Quand les affiches hantaient nos rêves.
J'ai toujours été fasciné par les affiches de cinéma, par ce requin géant s'apprêtant à gober une pauvre nageuse sans défense, par ce Darkman en proie aux flammes, par la trainée de flamme que laissait la DeLorean de Marty McFly sur l'asphalte... Pour moi, une bonne affiche devait être capable d'enflammer notre imagination devant un film qui nous étais alors inconnu tout en donnant à ceux qui l'avaient déjà vu une furieuse envie de le revoir, l'illustration renvoyant à la face du spectateur une multitude de souvenirs.

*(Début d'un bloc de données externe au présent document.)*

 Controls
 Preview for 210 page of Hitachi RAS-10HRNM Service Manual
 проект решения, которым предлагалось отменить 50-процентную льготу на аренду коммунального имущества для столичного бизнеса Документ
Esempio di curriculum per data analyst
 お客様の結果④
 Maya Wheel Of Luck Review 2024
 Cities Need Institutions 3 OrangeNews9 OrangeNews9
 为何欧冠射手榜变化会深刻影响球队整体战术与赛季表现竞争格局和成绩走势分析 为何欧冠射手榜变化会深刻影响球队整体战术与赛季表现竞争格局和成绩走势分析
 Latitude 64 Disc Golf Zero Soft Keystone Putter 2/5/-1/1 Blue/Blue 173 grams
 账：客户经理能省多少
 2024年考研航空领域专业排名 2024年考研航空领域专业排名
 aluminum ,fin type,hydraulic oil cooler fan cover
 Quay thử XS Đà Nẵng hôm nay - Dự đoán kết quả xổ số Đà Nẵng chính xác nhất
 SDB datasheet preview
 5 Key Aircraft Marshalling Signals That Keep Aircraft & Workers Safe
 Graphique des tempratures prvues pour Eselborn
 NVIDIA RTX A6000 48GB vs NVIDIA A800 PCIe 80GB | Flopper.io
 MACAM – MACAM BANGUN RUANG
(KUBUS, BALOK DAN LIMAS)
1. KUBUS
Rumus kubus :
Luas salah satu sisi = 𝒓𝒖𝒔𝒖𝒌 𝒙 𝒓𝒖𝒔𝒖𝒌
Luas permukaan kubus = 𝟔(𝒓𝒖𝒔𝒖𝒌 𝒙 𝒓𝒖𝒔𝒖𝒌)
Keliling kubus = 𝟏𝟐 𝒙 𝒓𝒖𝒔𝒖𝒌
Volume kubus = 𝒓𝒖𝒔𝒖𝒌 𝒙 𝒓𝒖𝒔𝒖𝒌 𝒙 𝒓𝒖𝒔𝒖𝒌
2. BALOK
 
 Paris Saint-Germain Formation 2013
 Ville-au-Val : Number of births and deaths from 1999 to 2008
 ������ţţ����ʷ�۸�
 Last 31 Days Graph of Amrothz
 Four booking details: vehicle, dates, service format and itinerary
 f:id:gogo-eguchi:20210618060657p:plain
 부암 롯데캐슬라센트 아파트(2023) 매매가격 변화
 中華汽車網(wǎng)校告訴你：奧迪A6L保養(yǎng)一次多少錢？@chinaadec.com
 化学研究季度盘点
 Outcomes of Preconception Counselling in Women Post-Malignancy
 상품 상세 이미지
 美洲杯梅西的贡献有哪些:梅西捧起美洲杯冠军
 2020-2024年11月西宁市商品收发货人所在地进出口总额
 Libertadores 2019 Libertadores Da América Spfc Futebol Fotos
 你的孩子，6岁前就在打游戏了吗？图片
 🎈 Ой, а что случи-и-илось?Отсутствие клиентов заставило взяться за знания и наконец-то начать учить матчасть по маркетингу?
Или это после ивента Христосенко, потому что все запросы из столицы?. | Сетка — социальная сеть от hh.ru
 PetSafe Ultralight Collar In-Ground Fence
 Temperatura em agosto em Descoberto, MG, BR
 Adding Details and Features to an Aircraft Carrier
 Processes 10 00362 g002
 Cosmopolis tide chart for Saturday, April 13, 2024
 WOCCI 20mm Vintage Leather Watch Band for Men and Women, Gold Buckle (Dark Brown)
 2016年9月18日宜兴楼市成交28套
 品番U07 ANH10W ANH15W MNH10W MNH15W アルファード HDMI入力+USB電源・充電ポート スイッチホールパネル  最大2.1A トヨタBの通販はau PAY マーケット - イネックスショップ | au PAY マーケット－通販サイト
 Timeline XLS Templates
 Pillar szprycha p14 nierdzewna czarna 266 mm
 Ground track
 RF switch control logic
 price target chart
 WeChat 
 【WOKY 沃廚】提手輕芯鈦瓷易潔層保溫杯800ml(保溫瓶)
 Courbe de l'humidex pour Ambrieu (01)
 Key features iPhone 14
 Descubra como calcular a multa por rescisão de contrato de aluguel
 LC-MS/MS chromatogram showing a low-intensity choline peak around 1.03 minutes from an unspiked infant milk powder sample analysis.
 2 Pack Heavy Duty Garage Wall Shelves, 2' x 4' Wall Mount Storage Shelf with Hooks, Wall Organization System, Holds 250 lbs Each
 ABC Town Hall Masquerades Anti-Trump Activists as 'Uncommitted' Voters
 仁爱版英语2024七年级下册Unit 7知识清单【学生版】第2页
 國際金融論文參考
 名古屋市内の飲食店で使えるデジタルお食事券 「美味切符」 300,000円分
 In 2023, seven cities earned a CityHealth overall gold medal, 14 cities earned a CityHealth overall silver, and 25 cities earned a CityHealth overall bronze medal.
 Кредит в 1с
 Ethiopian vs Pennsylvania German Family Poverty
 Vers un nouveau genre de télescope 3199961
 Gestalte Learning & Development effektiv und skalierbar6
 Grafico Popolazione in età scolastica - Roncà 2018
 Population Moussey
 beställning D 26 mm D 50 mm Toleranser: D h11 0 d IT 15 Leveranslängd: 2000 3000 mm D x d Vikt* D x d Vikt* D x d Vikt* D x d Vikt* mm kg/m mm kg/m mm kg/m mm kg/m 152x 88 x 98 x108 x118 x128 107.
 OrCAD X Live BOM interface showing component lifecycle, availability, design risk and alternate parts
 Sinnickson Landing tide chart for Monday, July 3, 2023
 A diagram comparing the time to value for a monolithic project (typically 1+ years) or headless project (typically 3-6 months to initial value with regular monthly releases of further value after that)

Heureux concepteur des affiches des derniers "Star Wars", des "Retour vers le futur" (celle du premier trône d'ailleurs fièrement dans mon chez moi) ou encore de "The thing" version Carpenter, Drew Struzan est un de ces magiciens qui transformèrent un simple outil marketing en pure oeuvre d'art, avant de se faire littéralement bouffer par les executifs des studios et par les nouvelles technologies.
Débutant par une préface aussi hargneuse que nostalgique signée Frank Darabont, le livre de Drew Struzan et David J. Schow est une petite merveille pour tous ceux et celles qui peuvent rester plusieurs minutes à contempler un simple poster, pour les aficionados de Struzan ou tout simplement pour les férus d'histoire du cinéma. Car derrière l'hommage à un grand artiste, "L'art de Drew Struzan" est avant tout une plongée sans concession dans l'univers impitoyable d'Hollywood, un monde où l'argent règne en maître et où l'art n'a sa place que lorsqu'il peut rapporter gros.
A travers les anecdotes aussi savoureuses que passionnantes de Struzan, on assiste, impuissant et le coeur lourd, au récit amer de la chute de toute une profession, à la disparition d'une approche sincère et amoureuse du cinéma et de l'art en générale, une nouvelle ère où les projets avortent aussi vite qu'ils ont commencé, où l'on passe de ça (http://images3.wikia.nocookie.net/__cb20111025090958/harrypotter/fr/images/8/87/Affichefilm_HP1-2.jpg) à ça (http://images2.wikia.nocookie.net/__cb20130424235139/filmguide/images/thumb/2/23/Harry-potter-1st-poster.jpg/500px-Harry-potter-1st-poster.jpg), les dirigeants préférant expédier le boulot en deux heures sur Photoshop que devoir le moindre pognon à un artiste qui pourrait leur casser les noix.
Un triste constat qui n'en oublie cependant pas la magie, l'ouvrage étant accompagné de superbes illustrations nous montrant le travail de Struzan étapes par étapes, de simples croquis aux superbes peintures finales. Un livre indispensable pour toute personne préférant avoir une affiche de "Indiana Jones" dans son salon qu'un Picasso.